Nouvelle-Zélande 2023, Afrique du Sud et Australie 2022, Galles 2021... Ces Bleus-là nous ont habitués aux fins de matches marquées par les entrées déterminantes des remplaçants et/ou aux renversements de dernière minute, les idées claires et le sang froid.
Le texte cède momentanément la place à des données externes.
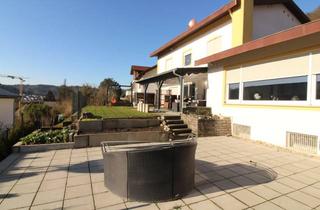 Einfamilienhaus kaufen in 71540 Murrhardt, Zweifamilienhaus in sonniger Halbhöhenlage, auch als Einfamilienhaus nutzbar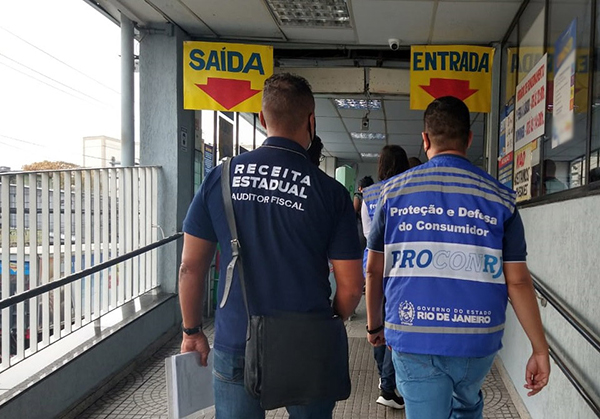 Procon descarta mais de 1,5 tonelada de alimentos impróprios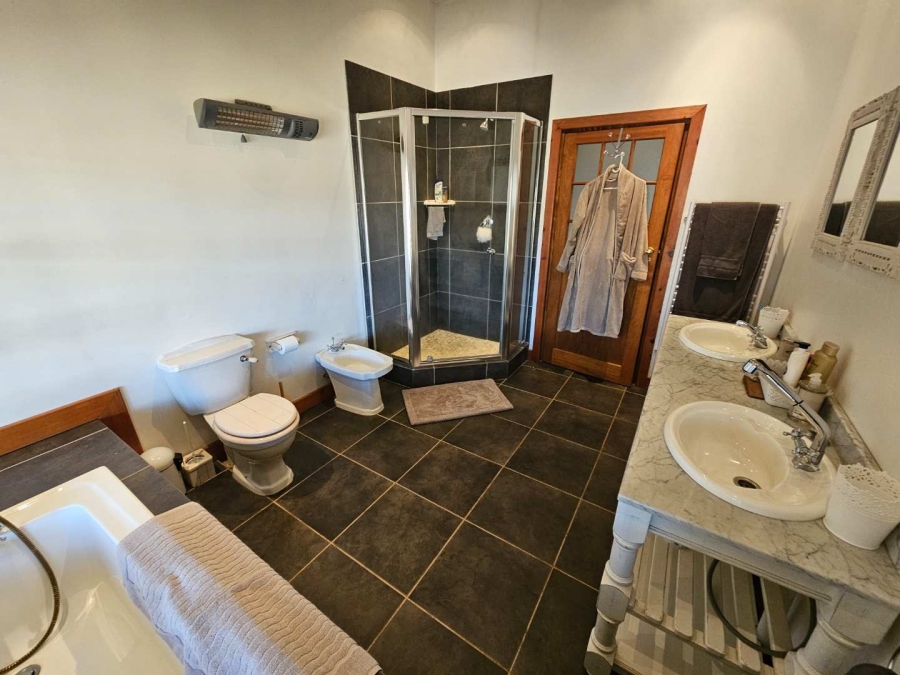 4 Bedroom Property for Sale in Nottingham Road KwaZulu-Natal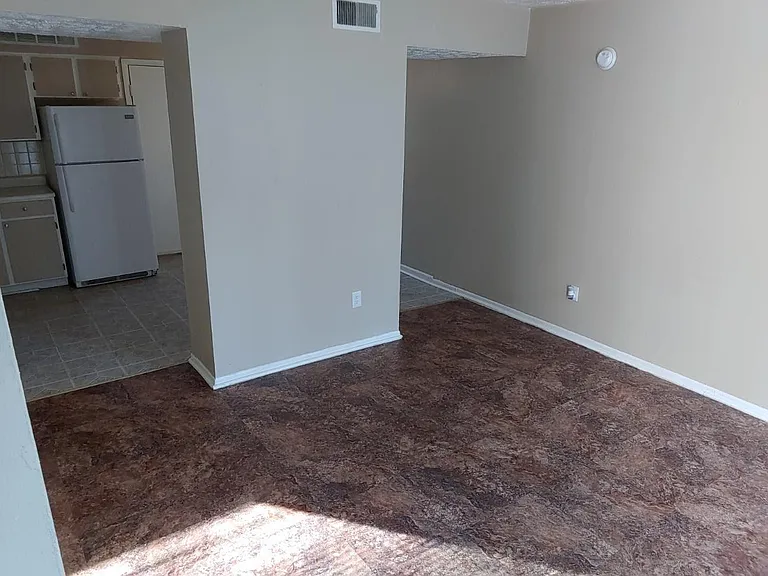 1121 Johnson Ave #2 — Photo 6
Si la dernière séquence face à l'Afrique du Sud a entretenu ce fol espoir, il s'est dégagé de la fin de match une forme de fébrilité.
Comment expliquer autrement cette pénaltouche dévissée par Jalibert (57e) ou ce renvoi aux 22 mètres direct en touche de Ramos (75e) qui ont coincé les Bleus dans leur camp pendant de longues minutes ? Il y a aussi ces attitudes bras en l'air et ces réclamations envers l'arbitre qui témoignent d'une certaine nervosité dans les dernières minutes.
Sans oublier les fameux « finisseurs » qui n'ont pas réussi à conclure proprement, à l'image d'une première ligne Aldegheri-Bourgarit-Wardi secouée en mêlée, ce qui a eu son importance sur le scénario de fin. Le banc en 5-3 des Sud-Africains, annoncé vendredi à la surprise générale et dégainé très tôt dimanche soir, a eu un tout autre impact. Dans un match aussi crucial perdu d'un point, c'est une autre bataille stratégique que Fabien Galthié et son staff ont clairement perdue dimanche soir. Au plus mauvais moment.